Bölüm 685: O Zaman Bu Basitçe Harika
İlahi Anka Ordusunun yerleştiği alanın ortasında alev şekilli büyük koyu kırmızı bir çadır vardı; o bilhassa göz alıcıydı.
İlahi Anka İmparatorluğunun Uçan Bulut Şehrindeki komutanı olarak atanmış Fen Huwei gözettiği bu 'görevin' önemini bildiği için iyi bir ruh hali içindeydi. Böyle ağır bir sorumluluk alabilmesi tarikat lideri ve tarikat büyüklerinin ona olan güvenini ve verdiği değeri gösteriyordu. Bu görev bittiğinde tarikat içindeki pozisyonu da aşırı yüksek ihtimalle yükselecekti.
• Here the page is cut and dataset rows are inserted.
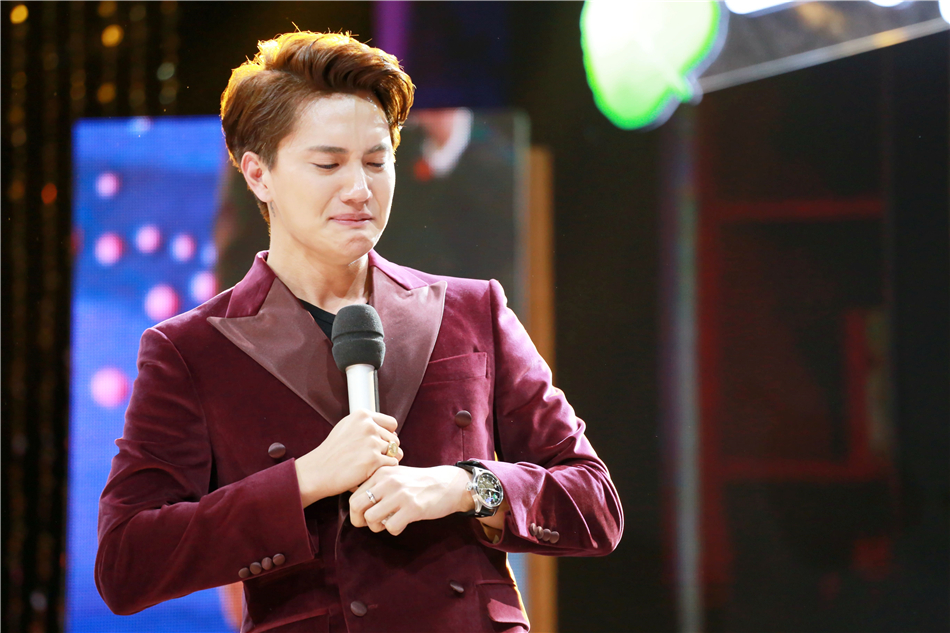 兄弟情深小五泪别天天向上三分钟独白深情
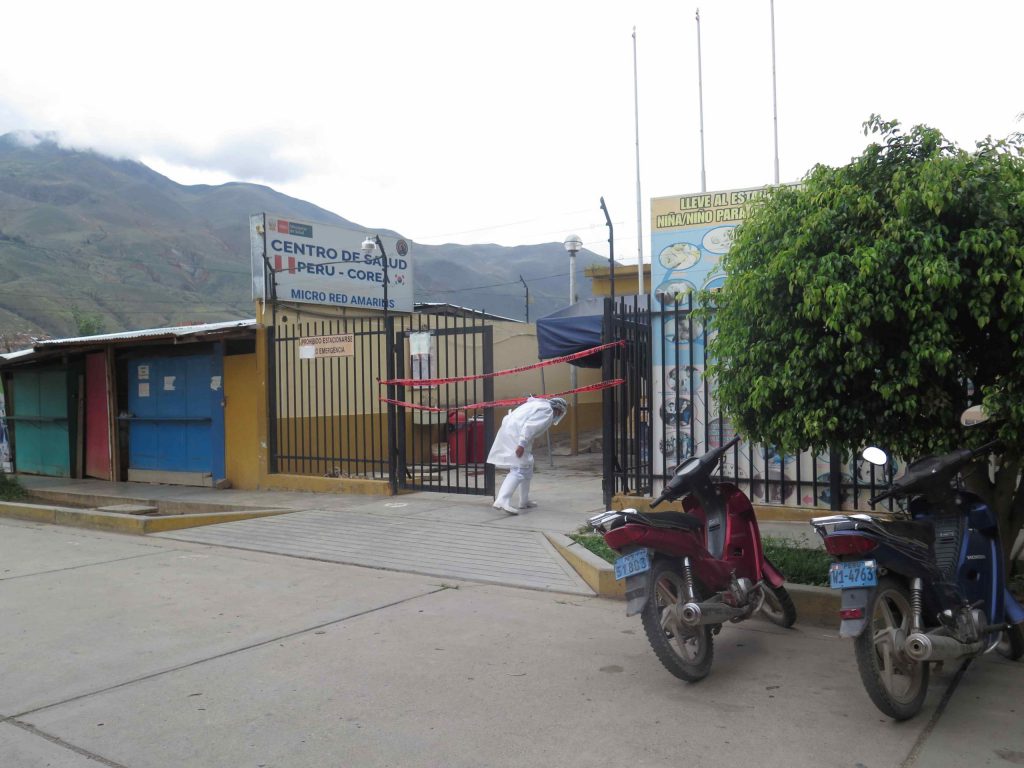 Vacunas contra el COVID-19 provocó mareos y dolor de cabeza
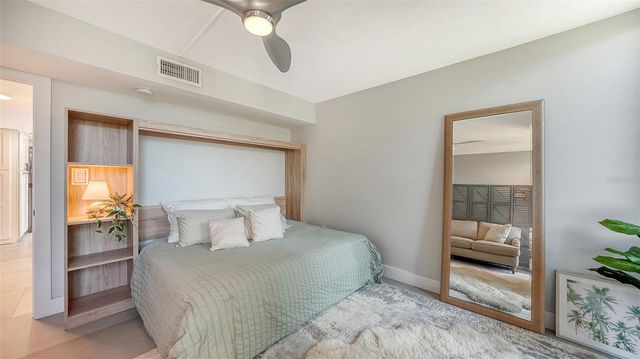 4900 OCEAN BOULEVARD 304, Sarasota, FL 34242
Ancak son iki gündür mavi rüzgar başkentine saldıran ordudan aniden haber alamaz olmuştu ve bu nedenle de biraz huzursuz hissediyordu.
"Ana ordudan hala bir haber yok mu?"
Büyük çadırda sadece iki kişi vardı. Feng Huwei hafif kıyafetler giymişti ve tahta sandalyesine otururken elindeki güçlü bir bardak likör ile birlikte yardımcı komutanının raporunu dinliyordu.
"Sadece ana ordu da değil, batı ordusunun komutanı Han Xingzhao Yirmi Beşinci Büyük ile birlikte başkentin durumunu araştırmaya gitti ama onlar ile de iletişimi kaybettik. Yanlarında elli bin kişilik ordu ve binlerce kaynak canavarı da götürmüşler yani ilerlemeleri ve gerektiğinde geri çekilmelerinde bir sorun olmamalı, ama..." Feng Huwei'nin bir numaralı vekil generali Tian Yi yüzündeki derin korku bakışı ile konuştu. Yüzden fazla yıldır birbiri ardında savaşlara girmişti ama böyle dehşet verici bir manzara ile alsa karşılaşmamıştı. Bu on binlercelik ordu bir dakika da yeryüzünü yok edecek güce sahipti.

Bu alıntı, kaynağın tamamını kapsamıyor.